Devlet adamı, vali ve vezir (D. Stolac /
Bosna – Ö. 23 Nisan 1804, Akkâ / Mısır). Napolyon Bonaparte’a karşı Akkâ
Kalesi’ni savunmasıyla ünlü Osmanlı veziridir. Hangi tarihte doğduğu kesin olarak bilinmiyor, babası ve ailesi hakkında
da fazla bilgi yoktur. Vidin’de ya da Niş’te doğduğunu rivayet edenler varsa
da Bosnalı
Müslümanlarından olduğu bilinmektedir.
Cezzar Ahmed Paşa, Hekimoğlu Ali Paşa’dan
sonra da Mısır’da kalmış ve Abdullah Bey adında bir komutana kapılanmıştı. Abdullah
Bey, Urban taraflarında öldürülünce, Cezzar Ahmed Paşa’yı Buhayre Kâşifliği’ne
atadılar. Cezzar, efendisi Abdullah Bey’in kimler tarafından ve kimlerin
teşviki ile öldürüldüğünü öğrenmişti. Suikasti düzenleyen Büyük Ali Bey’di.
Cezzar, suikaste çeşitli yollardan karışmış olan yetmiş kadar kişinin bir
gecede boyunlarını vurdurdu ve kellelerini Büyük Ali Bey’e gönderdi. Onun bu
intikamını görenler, dehşete düştüler ve kendisine Cezzar, yani kasap, kan
dökücü anlamına gelen bu adı taktılar. Ahmed Paşa bu ürkütücü adı hayatının
sonuna kadar taşıdı. Kendisine, böyle söylendiği için kızıp kızmadığını soran
bir dostuna; “Ne kızayım, bana bunca
iyiliği, devletime bunca hizmeti geçmiş Abdullah Bey gibi bir adamın intikamını
aldığım için ‘Cezzar’ diyorlarsa, bu benim için şereftir” demişti.
Cezzar, Büyük Ali Bey’in kendisinden intikam
alacağını düşünüyordu. Nitekim kimi haberler de almıştı, İstanbul’a dönerek bir
süre kendisini unutturdu. Aradan biraz zaman geçtikten sonra Şam Valisi Osman
Paşa’ya kapılandı. O sıralar, Tahir Ömer, Zeydan ve Şahap aileleri Suriye’de ayaklanarak
devletin başına dert açmışlardı. Bu ayaklanmaları bastırma görevi Cezzar Ahmed
Paşa’ya verildi. Çeşitli yönleriyle çapraşık bu konuyu Ahmed Paşa kısa bir zamanda
çözmüş, kan dökmeden işin içinden çıkmanın yolunu bulmuştu.
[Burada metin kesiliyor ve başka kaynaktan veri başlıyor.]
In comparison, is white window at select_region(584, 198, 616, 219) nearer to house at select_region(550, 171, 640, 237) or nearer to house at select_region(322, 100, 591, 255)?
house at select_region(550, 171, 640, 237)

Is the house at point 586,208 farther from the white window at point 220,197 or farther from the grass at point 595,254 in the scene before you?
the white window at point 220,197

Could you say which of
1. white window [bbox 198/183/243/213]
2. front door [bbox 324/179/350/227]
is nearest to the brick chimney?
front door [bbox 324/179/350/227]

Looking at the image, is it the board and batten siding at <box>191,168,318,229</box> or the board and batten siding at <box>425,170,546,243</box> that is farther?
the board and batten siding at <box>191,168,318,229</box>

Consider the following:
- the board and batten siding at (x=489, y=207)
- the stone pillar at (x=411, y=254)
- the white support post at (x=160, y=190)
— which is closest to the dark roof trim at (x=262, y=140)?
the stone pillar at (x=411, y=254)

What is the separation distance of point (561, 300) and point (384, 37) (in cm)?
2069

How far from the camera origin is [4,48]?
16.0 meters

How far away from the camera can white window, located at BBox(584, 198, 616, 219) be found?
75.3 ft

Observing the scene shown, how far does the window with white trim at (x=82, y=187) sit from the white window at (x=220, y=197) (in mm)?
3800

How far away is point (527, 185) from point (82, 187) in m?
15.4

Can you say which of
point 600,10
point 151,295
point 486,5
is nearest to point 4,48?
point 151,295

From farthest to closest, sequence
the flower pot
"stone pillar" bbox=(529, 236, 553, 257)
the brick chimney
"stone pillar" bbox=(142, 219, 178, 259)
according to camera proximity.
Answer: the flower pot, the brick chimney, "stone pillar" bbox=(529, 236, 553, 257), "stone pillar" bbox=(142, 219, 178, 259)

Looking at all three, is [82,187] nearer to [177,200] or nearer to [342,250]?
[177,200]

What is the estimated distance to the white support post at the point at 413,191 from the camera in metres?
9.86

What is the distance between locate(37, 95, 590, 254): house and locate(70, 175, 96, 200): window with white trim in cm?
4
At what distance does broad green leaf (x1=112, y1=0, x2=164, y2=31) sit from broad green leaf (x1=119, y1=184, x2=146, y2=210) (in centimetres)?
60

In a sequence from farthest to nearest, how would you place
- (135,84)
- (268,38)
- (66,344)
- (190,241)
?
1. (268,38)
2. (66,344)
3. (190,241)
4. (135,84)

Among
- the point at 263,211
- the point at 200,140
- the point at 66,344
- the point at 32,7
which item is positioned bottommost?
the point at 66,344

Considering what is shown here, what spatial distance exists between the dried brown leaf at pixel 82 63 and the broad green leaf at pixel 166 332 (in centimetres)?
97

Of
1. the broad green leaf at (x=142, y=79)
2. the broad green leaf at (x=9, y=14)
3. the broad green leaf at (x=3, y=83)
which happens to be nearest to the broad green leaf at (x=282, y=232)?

Bunun üzerine
İstanbul, kendisine önce beylerbeyilik, sonra da vezirlik rütbesi vererek,
Sayda Valiliği'ne atadı. Böylece de Cezzar Ahmed Paşa’nın yıldızı parlamaya
başlamıştı (1776).
Ahmed Paşa, Suriye’de güvenliği sağladıktan
bir süre sonra, Hac Emirliği ile Şam Valiliği’ne getirildi (1785). Ancak Şam’da
oturmuyor, kendisi için daha güvenli saydığı Akkâ Kalesi’nde kalıyordu. Bir
yandan devlet işlerini yürütürken, öte yandan da askerleriyle iç içe yaşıyor,
onların talim ve terbiyeleriyle yakından ilgileniyordu. Birkaç kez Şam ve Sayda
valiliklerini şahsında birleştirmiş ve Suriye’nin tek egemeni durumuna gelmişti.
Onun gözünde en önemli konu, Osmanlı devletinin sürmesiydi. Bu yüzden, yerel
gerçeklere uymayan saray emirlerini bile dinlemiyor, bildiği gibi hareket
ediyordu. Emirleri uygulamadığını öğrenen İstanbul, kendisini valilikten almış,
fakat haklı olduğu anlaşılınca da, tekrar eski görevine getirilmişti.
Napolyon Bonaparte, 1798’de Mısır’ı işgal
edince, Cezzar Ahmed Paşa’ya Trablus, Şam ve Kudüs valilikleri de verilerek
Napolyon’u durdurması emredildi. Padişah III. Selim, Cezzar’ın kuvvetlerini güçlendirmek
için İstanbul’dan 3000 kadar Nizam-ı Cedit askeri gönderdi. İngiliz donanması
da Napolyon’u Akdeniz’de sıkıştırmıştı. Cezzar, yardım gelene kadar Akkâ
Kalesi’nde sımsıkı durmuş, Napolyon’un askerlerine bir adım bile attırmamıştı.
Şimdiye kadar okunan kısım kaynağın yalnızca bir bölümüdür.